[Portrait] Mia Guissé, Pape Diouf, Wally Seck : Kruh Mandiou Mauri, le lyris’hit

L’industrie de la musique est un univers vaste. Derrière chaque artiste s’active dans l’ombre une armada de bras œuvrant pour son rayonnement. Parmi eux figure Kruh Mandiou Mauri. Un nom qui ne dit, sûrement, pas grand-chose aux amateurs de musique sénégalaise. Mais ses réalisations, si ! Il est l’auteur d’un nombre incalculable de morceaux à succès au cours de ces dernières années. Zoom sur un artiste dont la plume a permis l’envol vers la gloire de plusieurs chanteurs.

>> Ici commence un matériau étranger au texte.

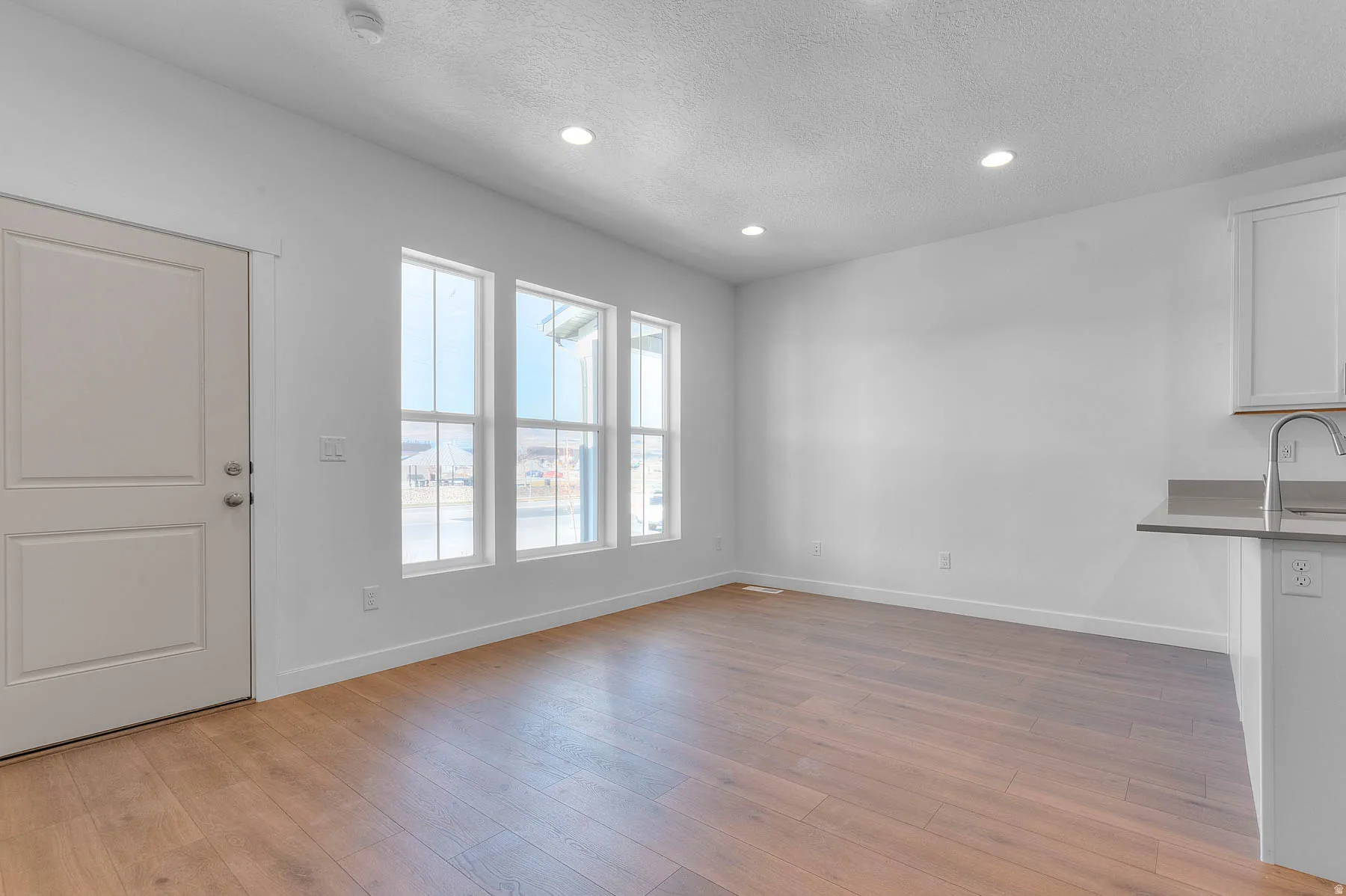 Open concept living space featuring wood-finish flooring, a white paneled door, three vertical windows, recessed lighting, and a kitchen peninsula with a stainless steel faucet and gray countertop
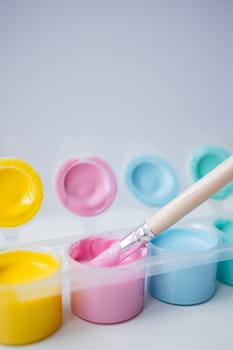 Colorful paint pots with brush in pastel shades.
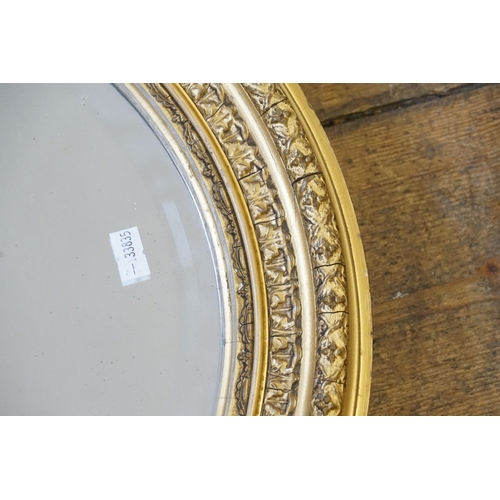 562 - An Oval Gilt Framed Wall Mirror in Gesso. Measuring 55cms x 48cms. Along with one other.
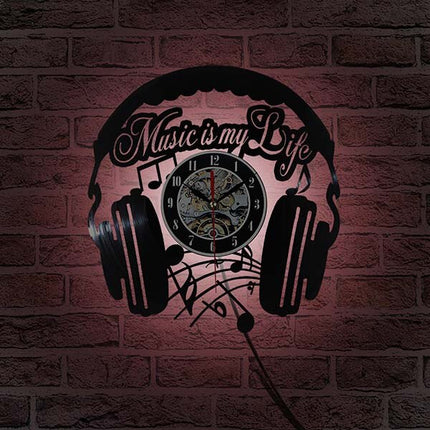 Vinylklokke med hodetelefoner for DJ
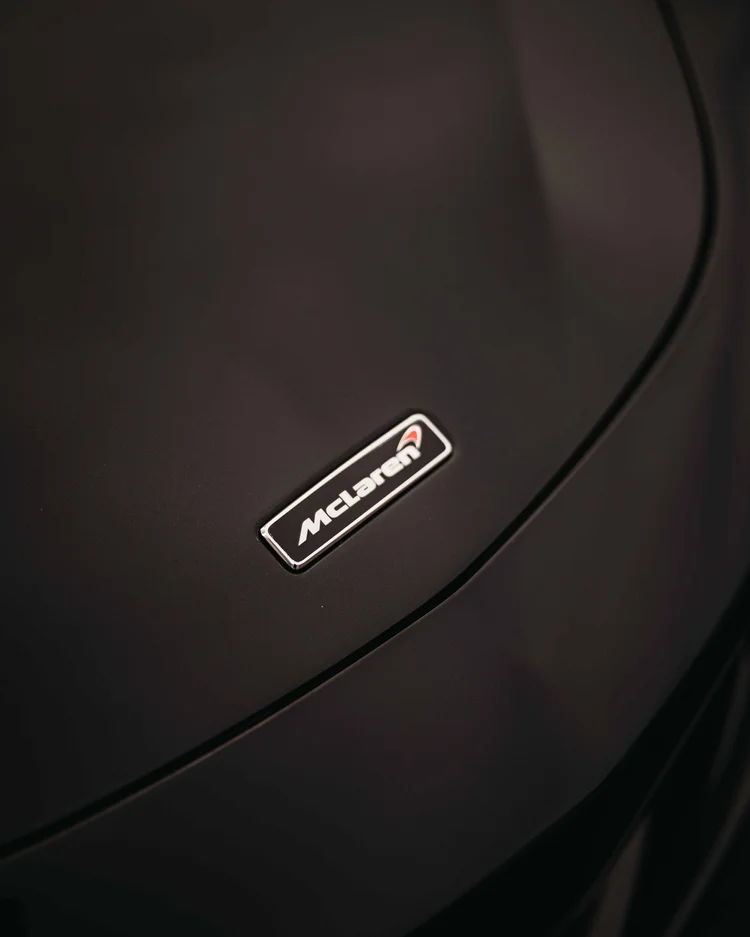 Small McLaren badge set on the curved dark hood beside a panel seam.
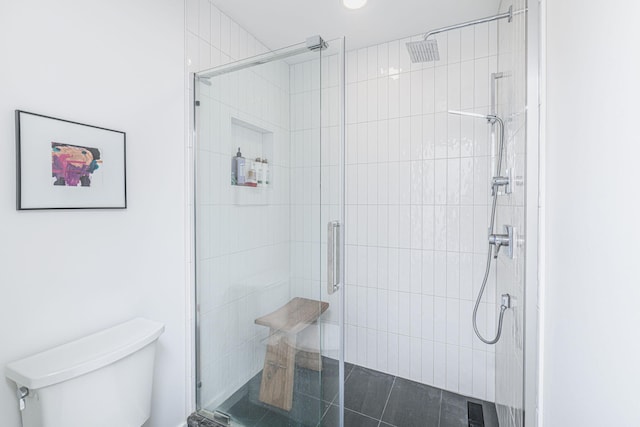 bathroom with an enclosed shower and toilet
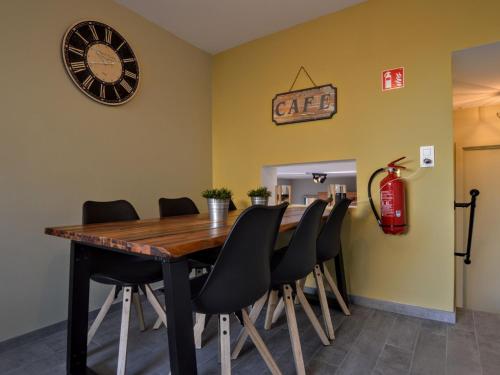 une salle à manger avec une table, des chaises et une horloge dans l'établissement Luxurious Cottage in Aywaille with Sauna, à Aywaille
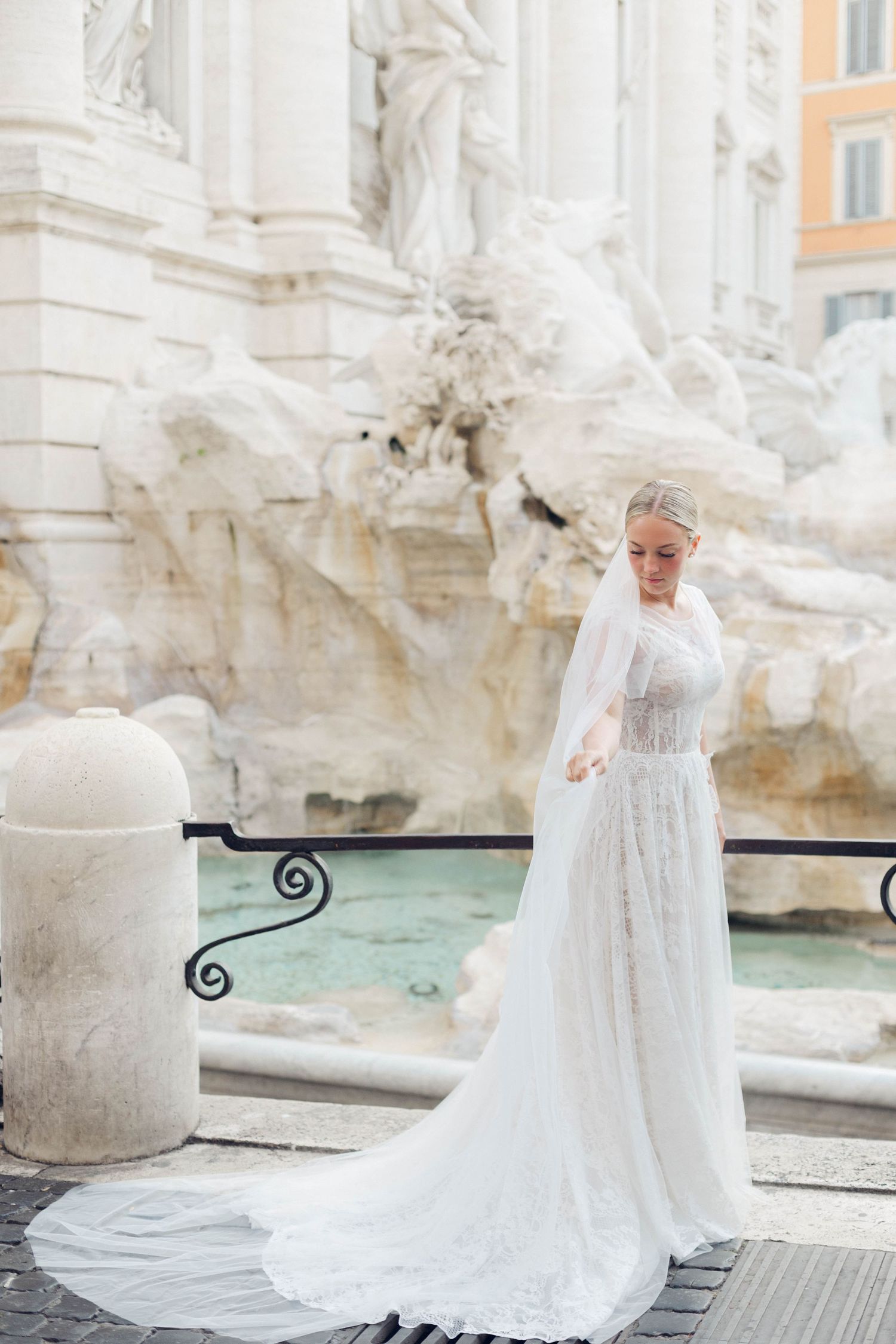 Bride in flowing lace dress poses by the Trevi Fountain with cascading waters in background.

La Médina, un quartier à la popularité héréditaire. Cette commune ne compte plus les illustres personnages de la musique sénégalaise qu’elle a vue naître d’Omar Pène au groupe Daara J au plus célèbre de tous : Youssou Ndour. Et l’histoire continue de s’écrire avec la nouvelle génération qui souhaite inscrire leurs noms  aux côtés de ces personnages emblématiques. Dans son studio situé en plein cœur du marché Tilène, Cheikh Tidiane Kourouma nourrit cette ambition. Plus connu sous son nom d’artiste Kruh Mandiou Mauri (enfant sorcier en bambara), il est un auteur-compositeur ayant fait ses premiers pas dans le rap en 2008. Mais entre la musique et lui, c’est une histoire d’amour qui a débuté depuis sa tendre enfance. « A l’âge de 6 ans, mon père me donnait 200 francs pour partir à l’école. Cet argent me servait à acheter des piles pour mon walkman coby. Donc, écouter de la musique était beaucoup plus important pour moi que de manger », se remémore-t-il le sourire gingival. Comme à l’accoutumée dans la société, la pratique de l’art sous toutes ses formes comme moyen de subsistance est très souvent mal perçue par les familles. Kruh Mandiou a dû endurer cette épreuve : « Ma mère me traitait tout le temps de bon à rien parce que je passais tout mon temps à écrire. Et l’écriture en ce temps n’était pas un travail. Ma mère m’avait conseillé de rejoindre une usine de fabrique de cigarettes qui rémunérait 4000 francs la journée. Je lui disais qu’avec ce que je faisais, je pouvais avoir des millions ». Se pliant à la volonté de sa mère, il va effectuer des travaux journaliers dans des usines. Cependant, il est toujours rattrapé par sa passion et son envie de demeurer autonome. « Je n’ai jamais voulu travailler pour quelqu’un et quand j’ai intégré cette usine, quelqu’un m’a commandé et j’ai aussitôt arrêté », dit-il.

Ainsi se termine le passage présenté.